问题
I followed Hadley's thread: Issue in Loading multiple .csv files into single dataframe in R using rbind to read multiple CSV
files and then convert them to one dataframe. I also experimented with lapply
vs. sapply
as discussed on Grouping functions (tapply, by, aggregate) and the *apply family.
Here's my first CSV file:
dput(File1)
structure(list(First.Name = structure(c(1L, 2L, 1L, 1L, 1L), .Label = c("A",
"C"), class = "factor"), Last.Name = structure(c(1L, 2L, 2L,
2L, 2L), .Label = c("B", "D"), class = "factor"), Income = c(55L,
23L, 34L, 45L, 44L), Tax = c(23L, 21L, 22L, 24L, 25L), Location = structure(c(3L,
3L, 1L, 4L, 2L), .Label = c("Americas", "AP", "EMEA", "LATAM"
), class = "factor")), .Names = c("First.Name", "Last.Name",
"Income", "Tax", "Location"), class = "data.frame", row.names = c(NA,
-5L))
Here's my second CSV file:
dput(File2)
structure(list(First.Name = structure(c(1L, 2L, 1L, 1L, 1L), .Label = c("A",
"C"), class = "factor"), Last.Name = structure(c(1L, 2L, 2L,
2L, 2L), .Label = c("B", "D"), class = "factor"), Income = c(55L,
55L, 55L, 55L, 55L), Tax = c(24L, 24L, 24L, 24L, 24L), Location = structure(c(3L,
3L, 1L, 4L, 2L), .Label = c("Americas", "AP", "EMEA", "LATAM"
), class = "factor")), .Names = c("First.Name", "Last.Name",
"Income", "Tax", "Location"), class = "data.frame", row.names = c(NA,
-5L))
Here's my code:
dat1 <-",First.Name,Last.Name,Income,Tax,Location\n1,A,B,55,23,EMEA\n2,C,D,23,21,EMEA\n3,A,D,34,22,Americas\n4,A,D,45,24,LATAM\n5,A,D,44,25,AP"
dat2 <-",First.Name,Last.Name,Income,Tax,Location\n1,A,B,55,24,EMEA\n2,C,D,55,24,EMEA\n3,A,D,55,24,Americas\n4,A,D,55,24,LATAM\n5,A,D,55,24,AP"
tc1 <- textConnection(dat1)
tc2 <- textConnection(dat2)
merged_file <- do.call(rbind, lapply(list(tc1,tc2), read.csv))

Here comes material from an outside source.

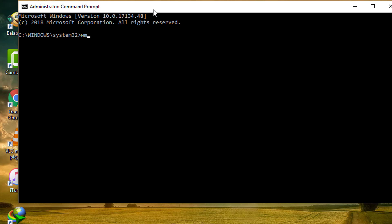Type WMIC baseboard get product manufacturer version.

While this works beautifully, I wanted to change lapply
to sapply
. From the above thread, I realize that sapply
would change the read factors from csv
file to matrices, but I am unsure why the fields are flipped. For instance, Income
field occupies row#3 and row#8, but are not in one column.
Here's the code:
tc1 <- textConnection(dat1)
tc2 <- textConnection(dat2)
# change lapply to sapply
merged_file <- do.call(rbind, sapply(list(tc1,tc2), read.csv))
Here's the output:
[,1] [,2] [,3] [,4] [,5]
[1,] 1 2 1 1 1
[2,] 1 2 2 2 2
[3,] 55 23 34 45 44
[4,] 23 21 22 24 25
[5,] 3 3 1 4 2
[6,] 1 2 1 1 1
[7,] 1 2 2 2 2
[8,] 55 55 55 55 55
[9,] 24 24 24 24 24
[10,] 3 3 1 4 2
I'd appreciate any help. I am fairly new to R and not sure what's going on.
回答1:
The issue had nothing to do with factors, it's generic sapply
vs lapply
.
Why does sapply
get it so wrong whereas lapply
gets it right? Remember in R, dataframes are lists-of-columns. and each column can have a distinct type.
lapply
returns a list-of-columns torbind
, which does the concatenation correctly. It keeps corresponding columns together. So your factors emerge correctly.sapply
however...- returns a matrix of numeric... (since matrices can only have one type, unlike dataframes)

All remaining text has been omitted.